1) El sacrificio de Cristo fue real y efectivo en favor de todo el mundo, tal que la única razón para que alguien pueda perderse es escoger resistir la gracia salvadora de Dios. Para los que finalmente sean salvos, fue Dios quien tomó la iniciativa; en el caso de los perdidos, fueron ellos que tomaron la iniciativa. La salvación es por la fe; la condenación es por la incredulidad.

2) De esa forma el sacrificio de Cristo justificó legalmente "a todo hombre", y literalmente salvó al mundo de la prematura destrucción. Todos los hombres deben aun su vida física a Jesucristo, ya sea que crean o que no crean. Cada rebanada de pan está estampada en la cruz de Cristo. Cuando el pecador oye y cree en el puro evangelio, él es justificado por la fe. Los perdidos deliberadamente niegan la justificación que Cristo ya efectuó por ellos.

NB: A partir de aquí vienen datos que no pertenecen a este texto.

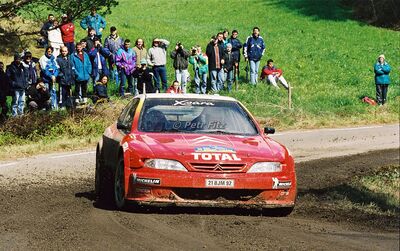 Jesus "Chus" Puras - Marc Martí
36º Rallye Catalunya - Costa Brava - Rallye de España 2000. Citroën Xsara Kit Car (21 BJM 92). Abandonó por avería mecánica en SS8 La Riba 1 de 36.16 km .

Del 30 de Marzo al 2 de Abril, Lloret de Mar, Girona, Catalunya, España.
Superficie: asfalto.

El Rally tenia un total de 1874.7 km de los que 383.09 km divididos en 15 tramos eran especiales.

Se inscribieron 95 equipos, tomaron la salida 91, finalizaron 55.

© Petr Fitz
@@
Palabras clave: Citroen;Xsara;Kit_Car;Catalunya;España;Spain;2000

3) La justificación por la fe es así mucho más que una declaración legal de absolvimiento; cuando es aceptada ella cambia el corazón por la acción del Espíritu Santo. El pecador recibe ahora la expiación, que es la reconciliación con Dios. Una vez que es imposible ser verdaderamente reconciliado con Dios sin ser reconciliado con Su santa ley, se sigue que la verdadera justificación por laf e hace con que el creyente se vuelva obediente a todos los mandamientos de Dios, inclusive a las leyes de la salud.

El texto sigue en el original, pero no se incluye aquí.